Funeral Etiquette

WHEN ATTENDING A FUNERAL SERVICE OR GOING TO A SHIVA HOUSE.The accepted customs of dress and behavior in a funeral have changed over time, but courtesy never goes out of style. Here’s what we’d like you to know about funeral etiquette.

Making the Most of a Difficult Time

It’s important to be respectful of the emotions of close family members.  Attending the service or going to a Shiva house will give you, the visitor, the inner satisfaction of fulfilling the mitzvah of doing kindness to others, and the knowledge that you have helped your friend in his or her time of need.

Here are a few things expected of you:

- Offer an expression of sympathy..........Sometimes we are at a loss for words when encountering something as final as death. Tradition states that a handshake and a silent nod can sometimes say it all. However, it is human nature to want to say something. Simply saying "I'm sorry for your loss" is usually enough to begin the conversation however, remembering their loved one fondly can mean sharing a funny story or two. Just be mindful of the time and place; if others are sharing, then you may do so too. There is simply no good reason you shouldn't talk about the deceased in a happy, positive tone  Be respectful and listen attentively when spoken to, and offer your own words of condolence.  

- Find out the dress code............These days almost anything goes, but only when you know it's the right thing. In fact, sometimes the deceased has specified the dress code; 'no black' is a common request. Sometimes the family and friends will accent their attire with some piece of clothing that is a favorite color of their loved one. If you can't learn the wishes of the family, then dress conservatively, and avoid bright colors.

- Make a donation or offer your assistance......A donation to a charity or a commitment of service to the family is a thoughtful gesture; as always, "it's the thought that counts." Always make sure to provide the family with a signed card, so they know what gift was given, and by whom.

-Bringing Children........It is perfectly acceptable to bring children to a funeral service or on a Shiva visit especially if   the deceased meant something to them.   It's a good idea to invite them to share in the experience and you should always have a discussion with them about any questions they may have.  You can always call our chapel and ask for Otto Dube, our director, to assist you with any of these questions.

-Before leaving... it is a Ashkenazi custom is to express to the mourner that G-d should comfort him or her together with the other mourners of Zion and Jerusalem. A Sephardic Custom is to say that the mourner...should receive comfort from the heavens.  There is a measure of solace to the mourner knowing that there are others in mourning; shared grief is easier to endure.  That comfort can come from a variety of places.  It's sometimes awkward for you to reach out to a friend at a time of grief, but for most people the grieving doesn't end with a funeral. It is never too late to reach out to a mourner with support.

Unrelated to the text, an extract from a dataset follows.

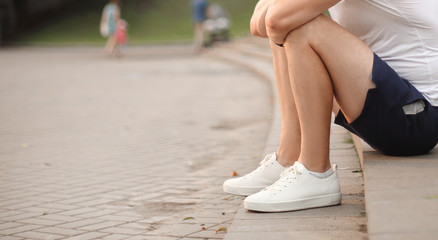 young man talking on a mobile phone, sitting on the steps in the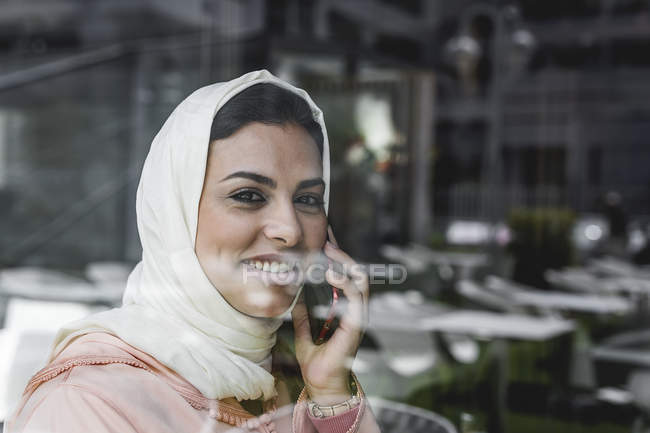 Femme marocaine avec hijab et robe arabe traditionnelle parlant au téléphone derrière le panneau de fenêtre — Photo de stock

Remember.....Silence can be deafening!

Life After Death

A parable by Rabbi Y.M. Tukachinsky 

A set of twin brothers snuggled peacefully in the security and warmth of their mother’s womb.  One of them believed in life beyond the womb.  The other, a skeptic, could accept only what he perceived and experienced at the moment.

The believing brother spoke of life in a vast new world where man could see far and wide while standing erect.  A world of oceans, rivers, mountains, and valleys, all stretched beneath a starry sky.  And all that majesty was encompassed in a dense globe set spinning in a seemingly limitless universe.

A likely story, thought the other brother.  To him all of life began and ended in the womb.  He felt that when he left his little world, life would be over and he would sink into oblivion.

Amidst the heat of the debate, the faithful brother suddenly felt a fierce rumbling followed by a long series of severe quakes.  He was slowly slipping away.  After a final, violent jerk, the faithful brother disappeared.  The skeptical brother heard the cry of his twin, which to him spelled the last gasp of life, and bemoaned his brother’s tragic departure.  But outside the womb, at that very moment, joy and celebration filled the home of the newborn.

All  the world is a bridge, along which man moves from his mother’s womb to the womb of the earth.  Just as the embryo spends nine months in the womb before birth, our present existence is but an antechamber leading to an eternal world.